The first submarine, known as the Nordenfelt (retrospectively Nordenfelt-I) was built in Ekensberg, Sweden, in 1884–1885. The design was very close to Nordenfelt's 1882 patent with a streamlined form with pointed bow and stern. The unusual flank-mounted 'descending propellers' for depth control were present. It was demonstrated to various naval attaches in the hope of finding a customer.
There was a glass dome built in to the top of the conning tower, just large enough for the captain to put his head in and look out. Possibly it was informed by Garrett's work with diving apparatus (he'd invented a set in 1877). This was years before the first periscopes appeared on submarines and seems quite innovative for the time. It probably worked adequately while the boat was running semi-submerged.
Photos from Tekniska museet.
In 1885 the Greek government brought the boat and had it shipped to Piraeus, arriving on January 13 1886. It was fitted with a single 14" torpedo tube for a Whitehead automobile torpedo, and also a single Nordenfelt machine gun. Trials took place in the bay.

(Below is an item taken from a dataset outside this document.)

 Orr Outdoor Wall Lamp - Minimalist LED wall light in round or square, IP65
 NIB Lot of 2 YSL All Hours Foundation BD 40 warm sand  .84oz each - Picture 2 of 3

The boat could dive and surface, matching the greatest challenge of early submarines, but otherwise was found to be unsatisfactory. The boiler took at least 12 hours (if not 3 days) to get to enough pressure for a voyage. This may have been due to the exterior of the boat acting as a heat sink. Once ready, the submarine was incredibly hot and unpleasant inside. and there was a threat of carbon monoxide.
Displacement: 55-60 tonnes
Length: 19.5 m (64 ft)
Beam: 2.75m (9 ft)
Operating depth: 15 m (49 ft)
Speed: 9 kt semi-submerged, 3 kt submerged (on steam reserves)
Propulsion: 100 hp steam engine
Armament: 1 x 14" (355mm) Whitehead torpedoes firing forward, 1 x 35mm Nordenfelt twin-barrel machine guns
Photos from Sjöhistoriska museet.
It never entered service with the Hellenic Navy, remaining in Faliro Bay until inactivated until 1901. It was scrapped and very little information is available online about this interesting boat.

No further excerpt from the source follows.